I was wondering if I could gather some thoughts on what would normally be a fairly simple circuit if not for some rather difficult complicating factors. The circuit so far is here:
The basic idea is that when NPWRENL is high we essentially connect one line (SSS0) to a shared interrupt line (INTPT), and then that interrupt line (INTPT) to one side of a button (BUT0). The other side of the button is connected to ground. When we press the button with NPWRENL high, both lines are driven low. Note that current only has to flow one way. Unfortunately there are some complicating factors. These are:
- The particular bit of this circuit governs the interaction between an MCU (SAM4S), CPLD (Max V) and one button in a deep sleep mode. So power use is a major issue.
- In the deep sleep mode, the MCU is powered, but is in backup mode (essentially an ultra-low power mode for the SAM4S MCU) in which it can still output signals, and can only be woken via certain pins.

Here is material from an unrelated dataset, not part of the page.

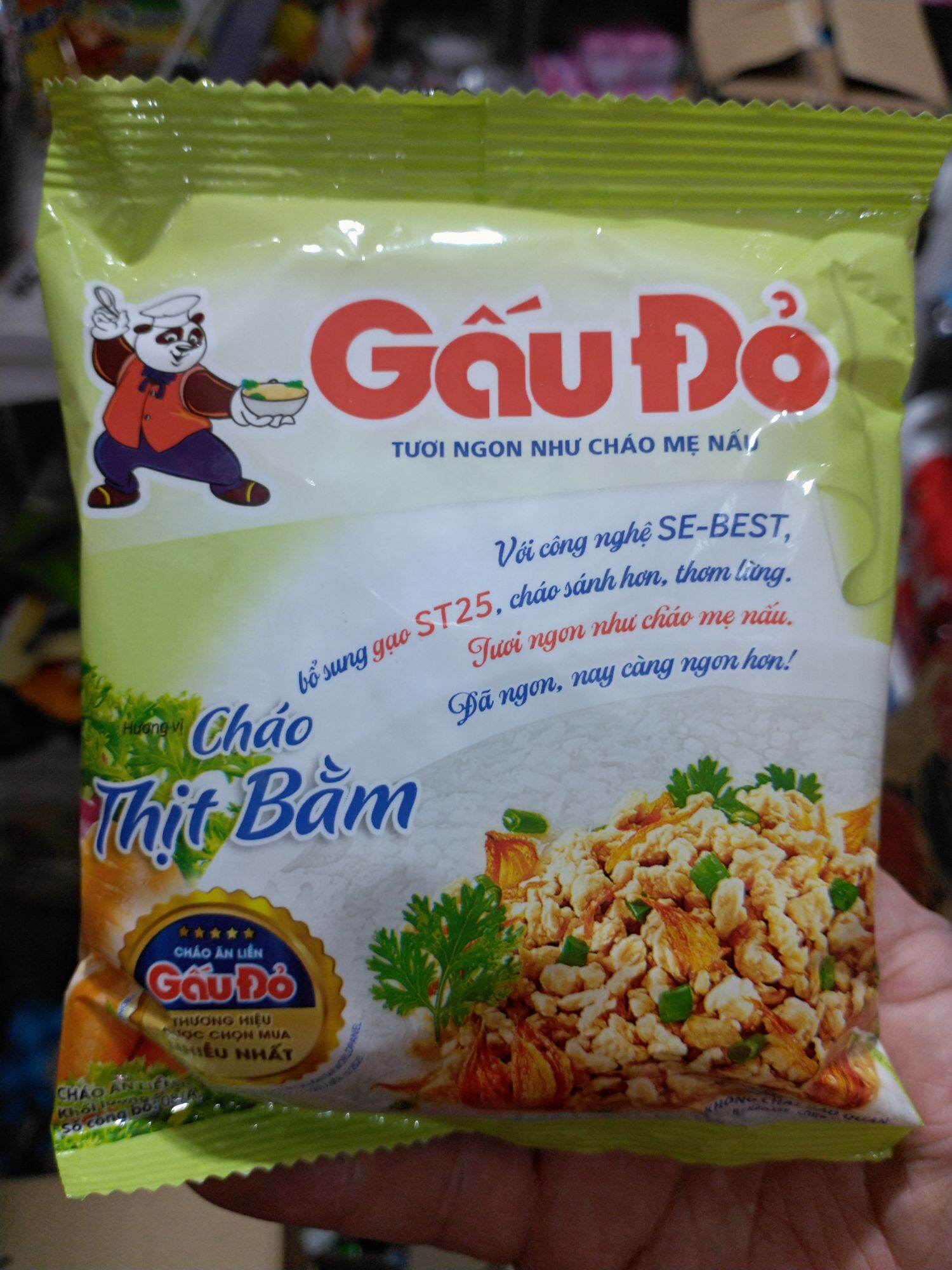 Cháo ăn liền thịt bằm Gấu đỏ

- In deep sleep mode, the CPLD is unpowered, having had its power removed by a pair of P-channel MOSFETs (also driven by NPWRENL at the gate). I could add a N-channel MOSEFT at ground too if it helps.
- NPWRENL will be greater than 3V via a 47k pullup when we are in deep sleep mode, or connected directly to ground when we are not.
- INTPT is a line read by the MCU when there is an interrupt state. The MCU pulls it high, and any device that wants to talk to the MCU pulls it low. INTPT goes to an external header and could be connected to absolutely *anything*, and such a device may signal a wakeup by driving the line low. It is also connected to the CPLD. I would like INTPT to rouse the MCU out of deep sleep mode.
- INTPT is connected to a MCU pin that cannot wake the MCU from backup mode, so I am trying to hook it up to a pin that can, but only in deep sleep mode (top part of the circuit). SSS0 was selected as the best option for now. Every single pin that can wake has a tradeoff. I can change the pin if it gives me too many problems.
- When outside of deep sleep mode, SSS0 has a completely different purpose- it is essentially a slave select line for SPI communication. Whatever I come up with, it needs to continue to function when not in deep sleep mode. SSS0 is connected to both the MCU and CPLD.
- I want the button to generate an interrupt (drive INTPT low), but only when in deep sleep mode. This is the reason for the lower part of the circuit. By connecting to BUT0, when the button is pressed, INTP will be shorted to ground.
- BUT0 is connected to the CPLD, but not the MCU. It is normally read via the CPLD, which will be unpowered in deep sleep mode.
- This part of the circuit still needs to operate using low power, even when not in deep sleep mode. The reason is that this mode is just the lowest of a few sleep modes.
- NPWRENL can be as high as 5.5V briefly, which will damage the MCU or CPLD if connected directly. Thus I need to keep it connected to gates or add another MOSFET to get around it.
- I am concerned the CPLD might try to pinch power that it finds on its I/O lines, which is important due to this being used to implement an ultra-low-power deep sleep mode. INTP, SSS0, and BUT0 *all* reach CPLD I/O pins. The MAX V handbook strongly suggests (under s4 "Hot-Socketing Specifications) that signal pins won't drive the power supplies. However I went and measured it anyway, and if there are any pullups connected to I/Os it seems to feed off of them (current was shown exiting ground pins). This will probably complicate the eventual solution.
- There does also exist a PWRENL directly connected to the MCU if needed (it drives an NMOS which controls NPWRENL).
I do have some flexibility to change my approach if needed to solve the problem. Beyond a certain point (about 6uA) it makes sense to just leave the CPLD connected the whole time and wear the power loss. However, the MCU can (apparently) get down to 1uA, and it would be nice to get close to that.
Or, perhaps there already exists a low power part that you can attach near a battery that you can signal to shut off power, and it sits and waits until you ground a certain input pin before it enables it again. I have a reset supervisor watching the battery voltage and switching a PMOS to isolate the battery if the voltage is too low. I could instead focus on that part of the circuit instead. There is a mild downside to that approach with respect to the MCU, but I can work around it, especially if it provides a superior solution on the power front.
Input most welcome.